Dataset section:

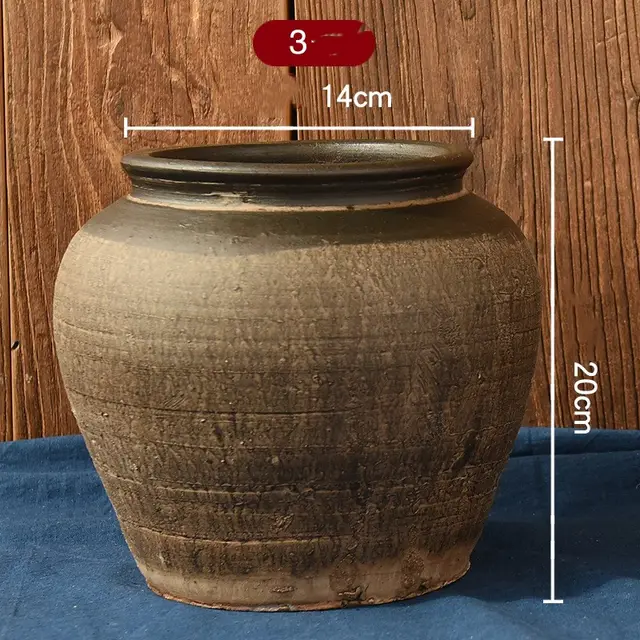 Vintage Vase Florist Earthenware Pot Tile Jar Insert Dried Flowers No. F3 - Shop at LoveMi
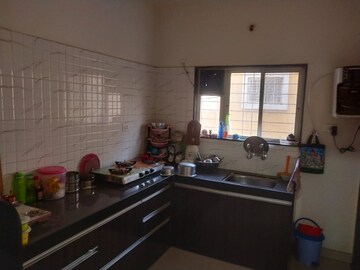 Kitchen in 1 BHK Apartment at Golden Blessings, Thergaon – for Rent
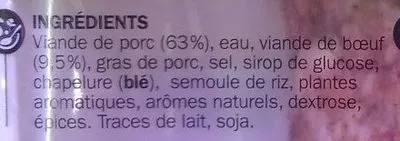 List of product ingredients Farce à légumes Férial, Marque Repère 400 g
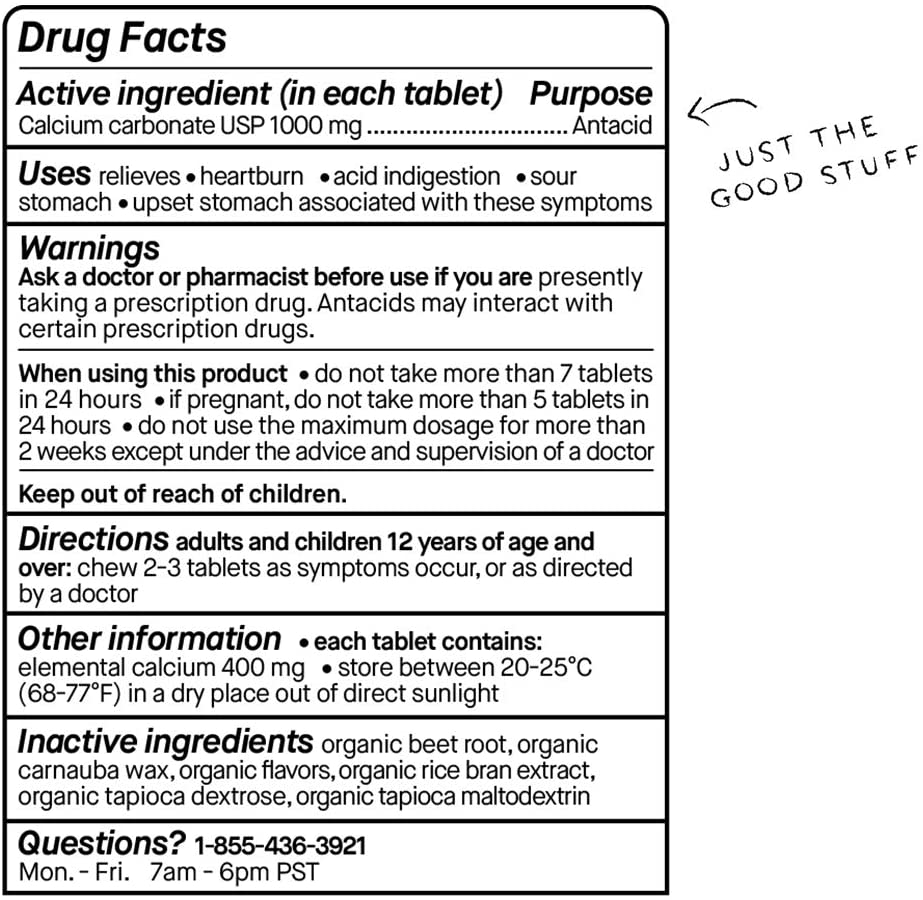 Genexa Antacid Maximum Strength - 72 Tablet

Directions:
Only the pictures are to be left out; copy all the remaining material above exactly.

Exercise result:
 Vintage Vase Florist Earthenware Pot Tile Jar Insert Dried Flowers No. F3 - Shop at LoveMi
 Kitchen in 1 BHK Apartment at Golden Blessings, Thergaon – for Rent
 List of product ingredients Farce à légumes Férial, Marque Repère 400 g
 Genexa Antacid Maximum Strength - 72 Tablet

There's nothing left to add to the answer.